Over the weekend, Karl Rove gave one of his recycled speeches, declaring that Republicans keep us safe and Democrats want to sell out to the terrorist. At center point was the NSA spying program and criticism of it. Rove jumped on Democrats who criticize the illegal program, but fails to mention that many prominent Republicans also are at odds with the administration on the program.
This, I think is a tactical error. It might have been a winning issue if Bush was running again... but he is not. Instead, congressmen are running for re-election and the GOP will have to put up a new candidate for the white house in 2008. Karl Roves comments were lose-lose for the GOP.
First, it either traps congressmen. Either they must be seen as Bush's lackeys when the majority of American people are still dissatisfied with the direction of the country. Being labeled as a congressman who will pander to the White House is not the best position to be in right now. Or, the congressmen must distance themselves from the White House and stake out "independent" ground. This is not good for an administration that is still hoping to accomplish a lot in its last three years in office including the PATRIOT Act. Further fracturing the Republican party onle further erodes Bush's agenda.
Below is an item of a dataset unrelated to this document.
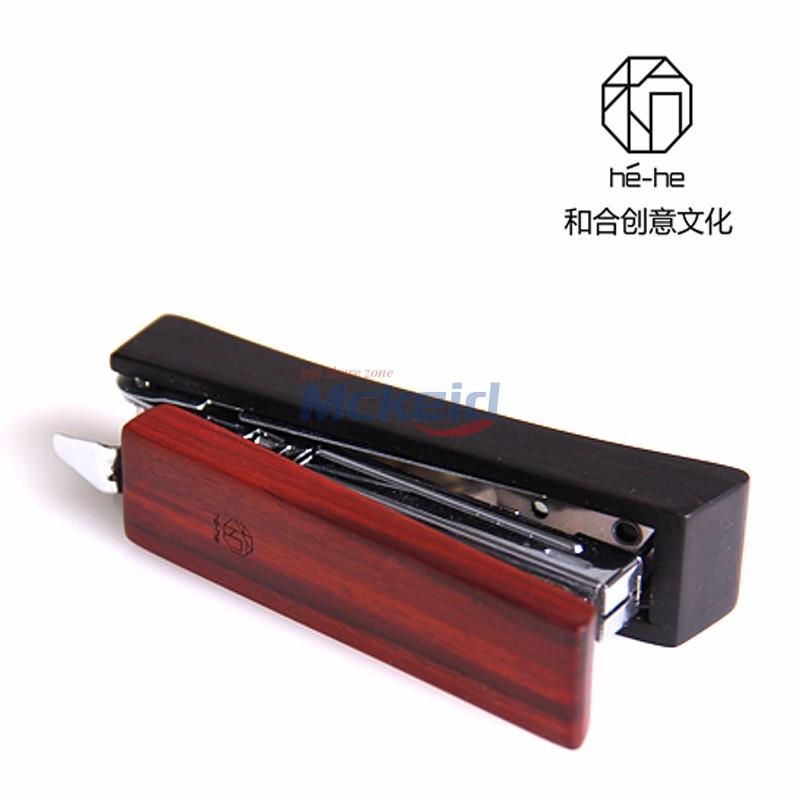 冠云系列—訂書機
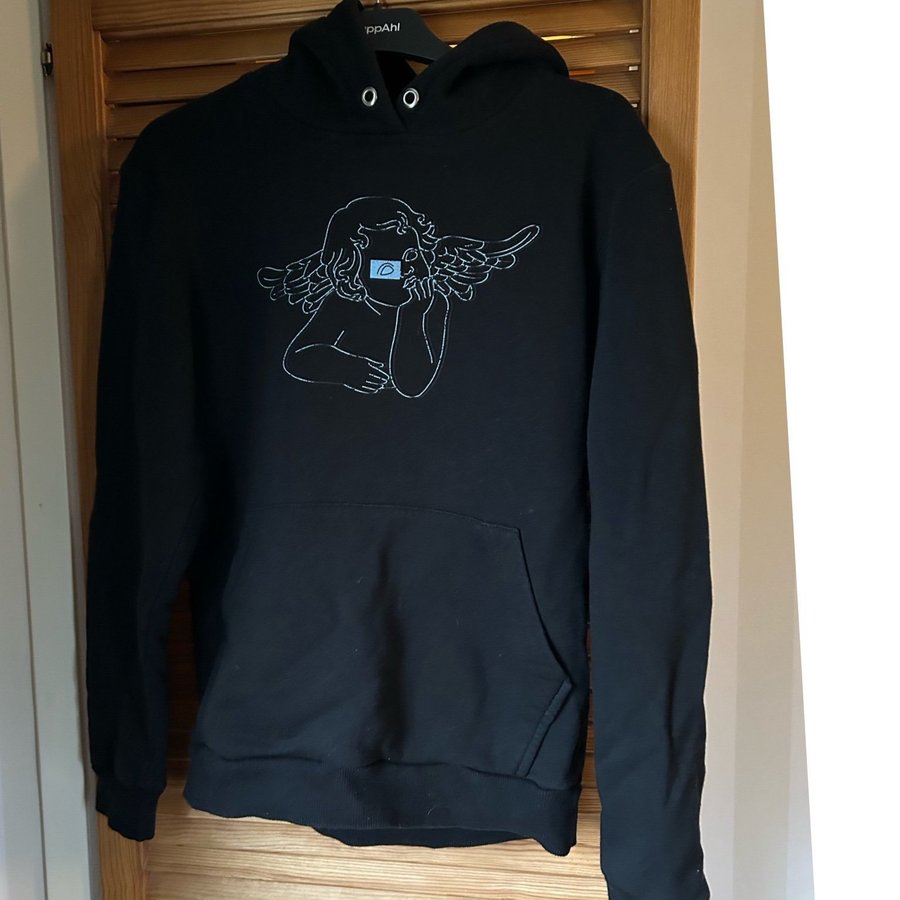 Hoodie cool elephant sale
Second, it places the next GOP presidential candidate in a bad spot. The current popular front runner is John McCain, who has publicly criticized the president on the NSA program, claiming that Bush probably did not have legal authority. If Rove continues to categorize those who support and those who oppose the program as good and bad for this country, he will have already cemented a negative impression on the possible GOP candidate. As current polling stands, there are no non-moderate Republicans who can beat Hillary Clinton in a head to head match up. Rove's strategy may have the effect of tilting the GOP primaries to far to the right for the Republicans to put up a winning candidate (not that I will complain).
So, Rove has penned in his party, not only policy wise, but ideology wise at a time when flexibility may be needed. The GOP is making a concerted effort to decenteralize the 2006 Congressional race, but Rove's remarks only help the Democrats keep it nationalized.